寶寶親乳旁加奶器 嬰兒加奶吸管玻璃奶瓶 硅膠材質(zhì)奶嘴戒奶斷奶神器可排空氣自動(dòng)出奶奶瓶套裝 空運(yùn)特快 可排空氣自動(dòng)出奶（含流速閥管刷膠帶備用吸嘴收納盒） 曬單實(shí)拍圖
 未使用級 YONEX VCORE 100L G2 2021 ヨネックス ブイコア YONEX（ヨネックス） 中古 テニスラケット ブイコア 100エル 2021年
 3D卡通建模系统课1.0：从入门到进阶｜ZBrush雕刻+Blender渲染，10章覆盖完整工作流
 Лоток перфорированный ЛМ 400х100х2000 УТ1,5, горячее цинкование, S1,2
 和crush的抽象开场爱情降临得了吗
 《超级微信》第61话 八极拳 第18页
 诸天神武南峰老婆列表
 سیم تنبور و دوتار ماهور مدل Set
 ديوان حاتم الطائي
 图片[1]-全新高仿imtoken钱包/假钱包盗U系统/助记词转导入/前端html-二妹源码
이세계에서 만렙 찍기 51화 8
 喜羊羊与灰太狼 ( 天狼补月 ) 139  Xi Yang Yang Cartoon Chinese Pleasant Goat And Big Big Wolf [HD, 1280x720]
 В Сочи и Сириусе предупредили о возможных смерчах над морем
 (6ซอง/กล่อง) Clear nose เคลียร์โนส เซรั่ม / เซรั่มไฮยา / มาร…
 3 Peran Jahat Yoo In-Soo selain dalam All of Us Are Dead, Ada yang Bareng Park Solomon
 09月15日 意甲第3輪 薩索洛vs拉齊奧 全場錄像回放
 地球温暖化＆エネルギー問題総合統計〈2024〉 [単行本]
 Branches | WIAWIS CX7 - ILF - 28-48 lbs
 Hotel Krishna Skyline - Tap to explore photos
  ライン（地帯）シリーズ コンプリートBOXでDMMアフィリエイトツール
************
**To do**
Your task is to copy every entry above, exactly as written.

**Result of the task**
寶寶親乳旁加奶器 嬰兒加奶吸管玻璃奶瓶 硅膠材質(zhì)奶嘴戒奶斷奶神器可排空氣自動(dòng)出奶奶瓶套裝 空運(yùn)特快 可排空氣自動(dòng)出奶（含流速閥管刷膠帶備用吸嘴收納盒） 曬單實(shí)拍圖
 未使用級 YONEX VCORE 100L G2 2021 ヨネックス ブイコア YONEX（ヨネックス） 中古 テニスラケット ブイコア 100エル 2021年
 3D卡通建模系统课1.0：从入门到进阶｜ZBrush雕刻+Blender渲染，10章覆盖完整工作流
 Лоток перфорированный ЛМ 400х100х2000 УТ1,5, горячее цинкование, S1,2
 和crush的抽象开场爱情降临得了吗
 《超级微信》第61话 八极拳 第18页
 诸天神武南峰老婆列表
 سیم تنبور و دوتار ماهور مدل Set
 ديوان حاتم الطائي
 图片[1]-全新高仿imtoken钱包/假钱包盗U系统/助记词转导入/前端html-二妹源码
이세계에서 만렙 찍기 51화 8
 喜羊羊与灰太狼 ( 天狼补月 ) 139  Xi Yang Yang Cartoon Chinese Pleasant Goat And Big Big Wolf [HD, 1280x720]
 В Сочи и Сириусе предупредили о возможных смерчах над морем
 (6ซอง/กล่อง) Clear nose เคลียร์โนส เซรั่ม / เซรั่มไฮยา / มาร…
 3 Peran Jahat Yoo In-Soo selain dalam All of Us Are Dead, Ada yang Bareng Park Solomon
 09月15日 意甲第3輪 薩索洛vs拉齊奧 全場錄像回放
 地球温暖化＆エネルギー問題総合統計〈2024〉 [単行本]
 Branches | WIAWIS CX7 - ILF - 28-48 lbs
 Hotel Krishna Skyline - Tap to explore photos
  ライン（地帯）シリーズ コンプリートBOXでDMMアフィリエイトツール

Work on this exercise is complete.